## REQUIREMENT
Pictures excluded, output the lines of the data below between the one holding "Adapt single desk" and the one holding "Infant short sleeve", inclusive, exactly as they stand.

## TASK MATERIAL
══════════
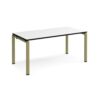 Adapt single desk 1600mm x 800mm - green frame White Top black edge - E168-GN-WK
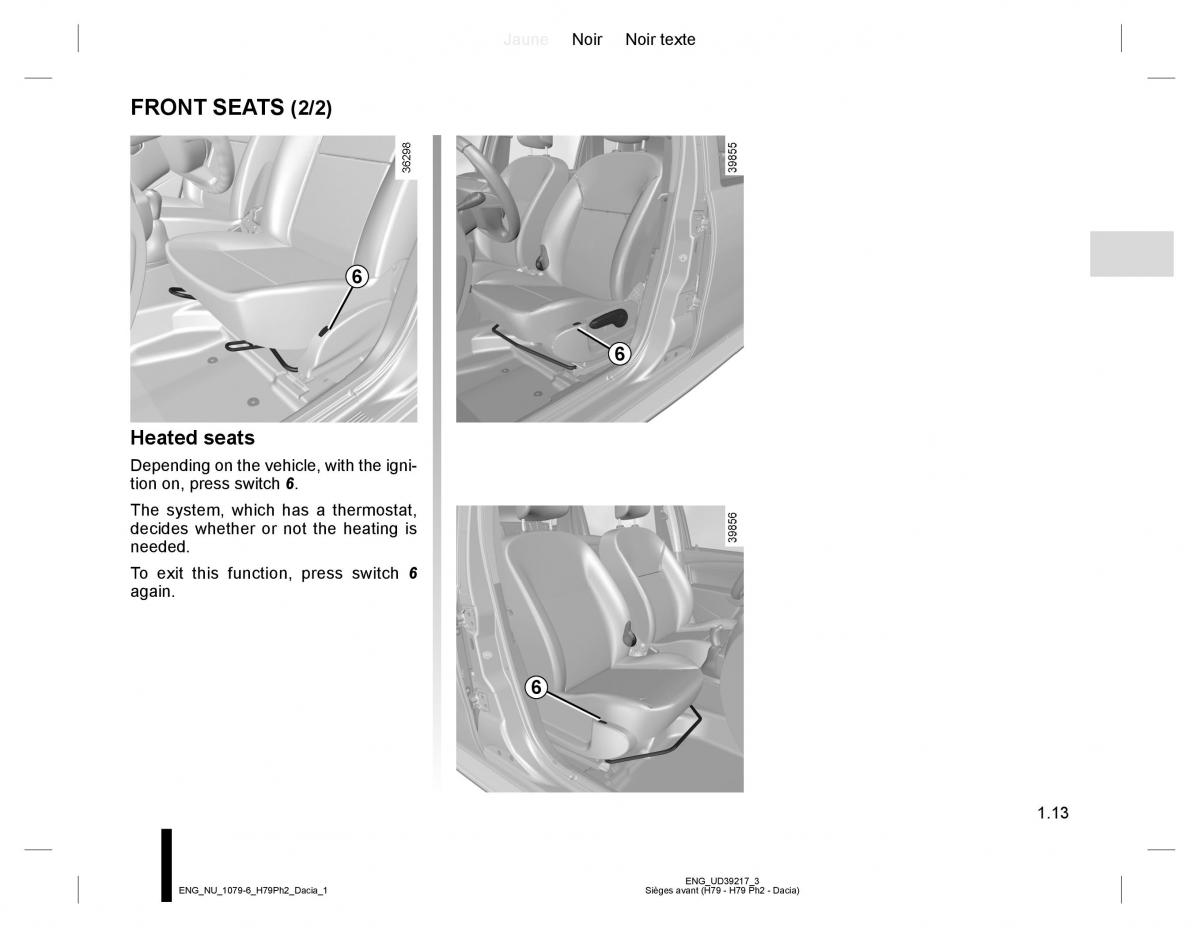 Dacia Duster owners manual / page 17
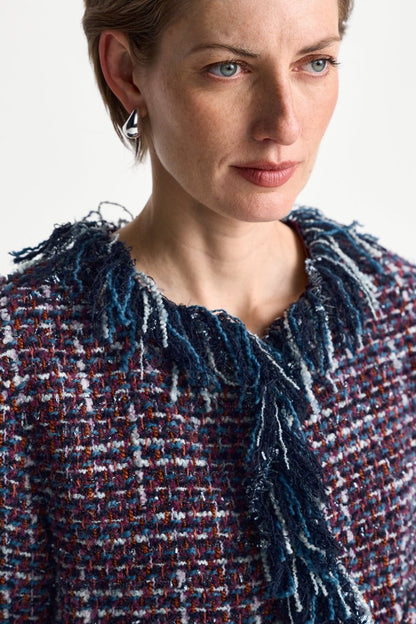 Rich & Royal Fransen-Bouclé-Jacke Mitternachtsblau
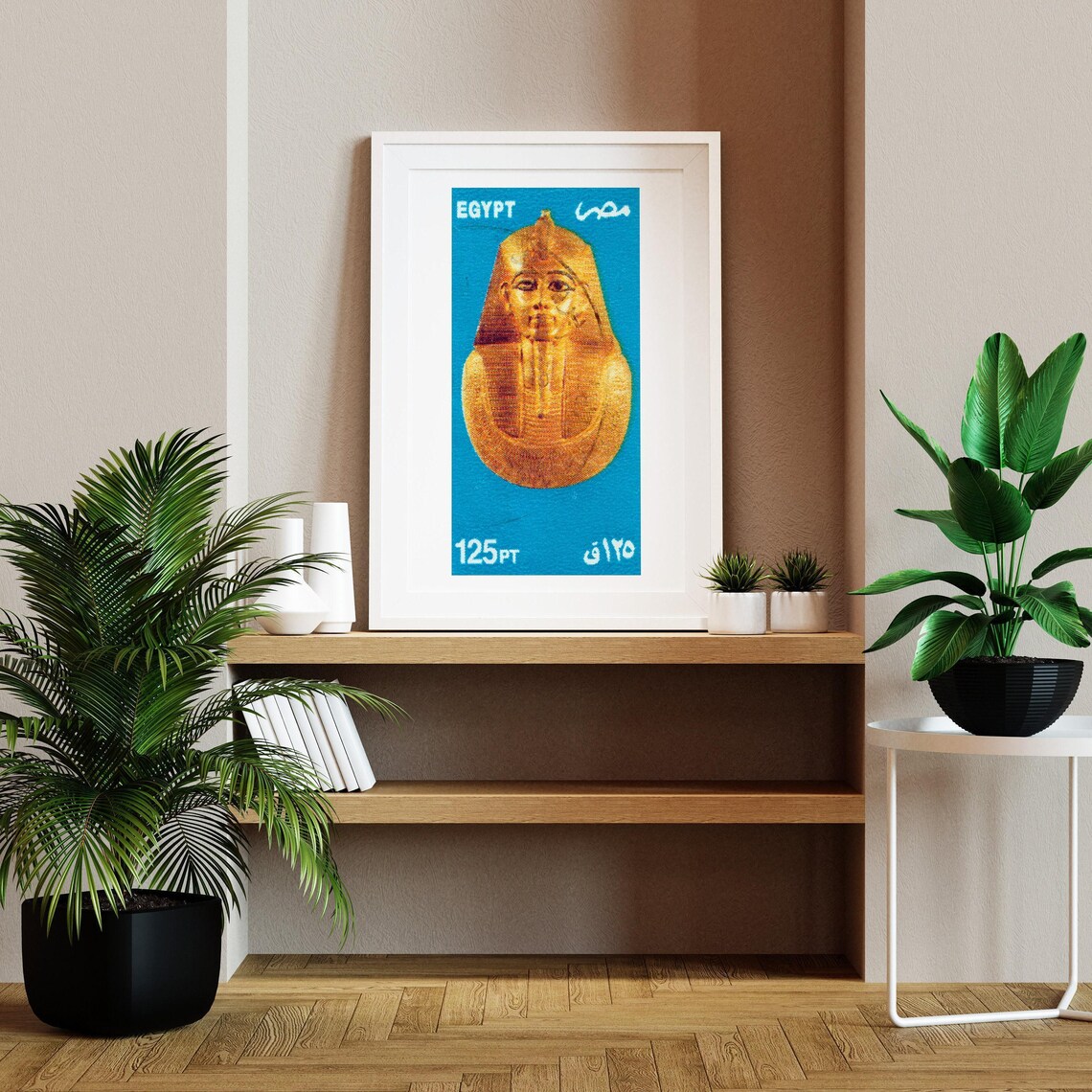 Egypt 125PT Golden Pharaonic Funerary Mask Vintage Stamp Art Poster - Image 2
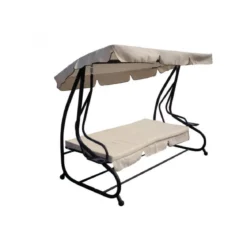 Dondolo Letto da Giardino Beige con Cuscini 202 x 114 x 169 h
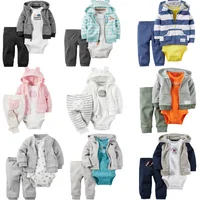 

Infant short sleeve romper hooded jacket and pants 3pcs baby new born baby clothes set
══════════
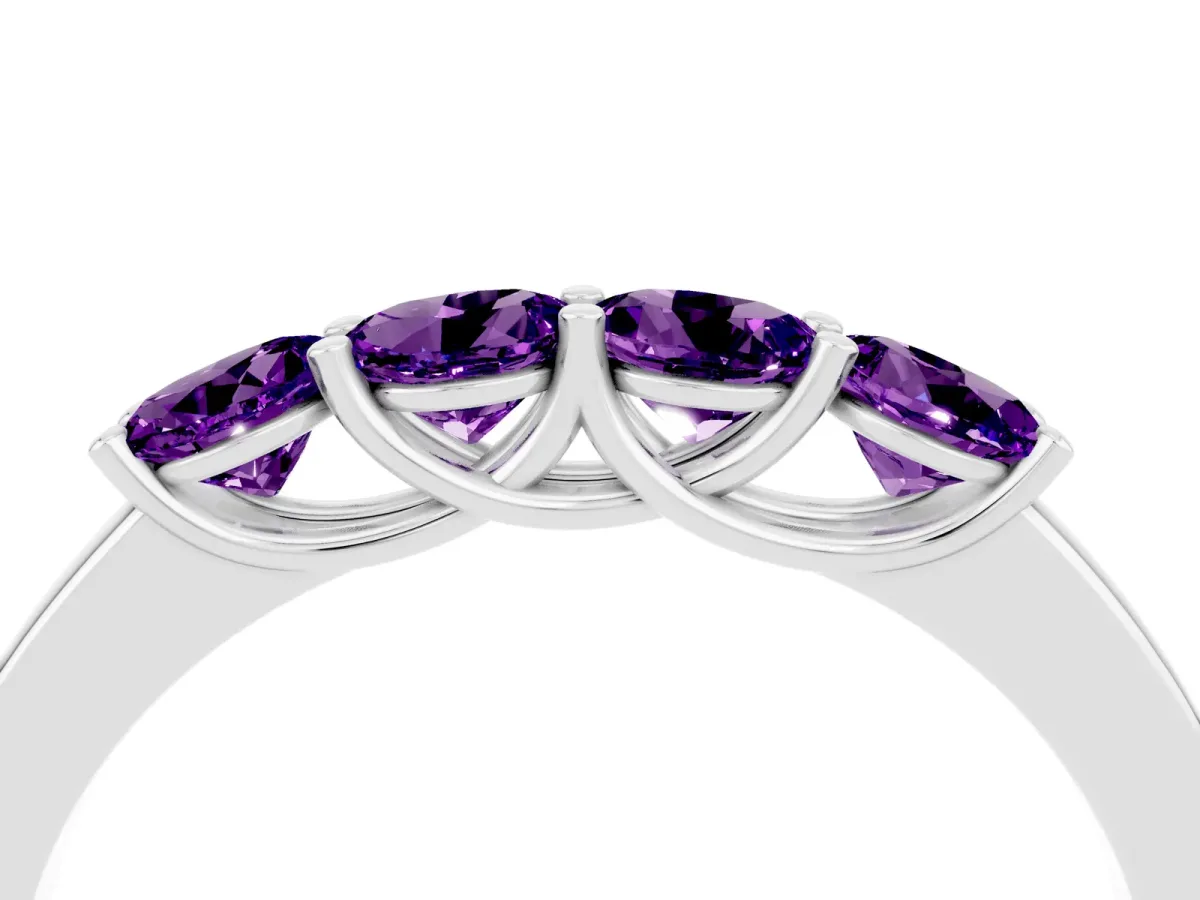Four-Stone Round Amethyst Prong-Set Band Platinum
══════════
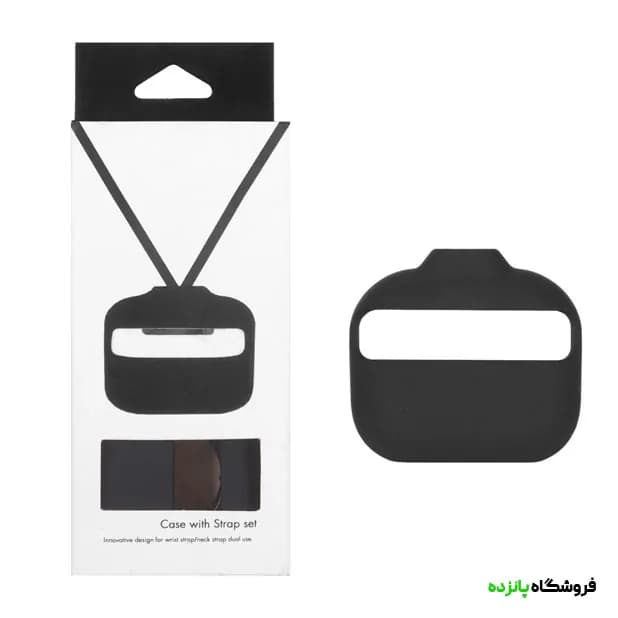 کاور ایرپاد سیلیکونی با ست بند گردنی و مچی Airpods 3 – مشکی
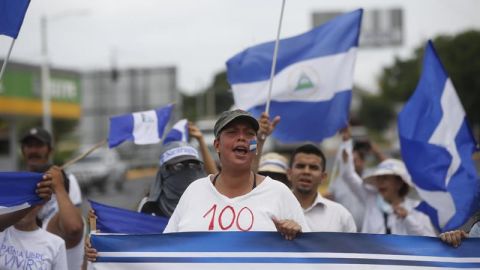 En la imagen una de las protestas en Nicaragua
══════════
## ANSWER TO THIS TASK
 Adapt single desk 1600mm x 800mm - green frame White Top black edge - E168-GN-WK
 Dacia Duster owners manual / page 17
 Rich & Royal Fransen-Bouclé-Jacke Mitternachtsblau
 Egypt 125PT Golden Pharaonic Funerary Mask Vintage Stamp Art Poster - Image 2
 Dondolo Letto da Giardino Beige con Cuscini 202 x 114 x 169 h

Infant short sleeve romper hooded jacket and pants 3pcs baby new born baby clothes set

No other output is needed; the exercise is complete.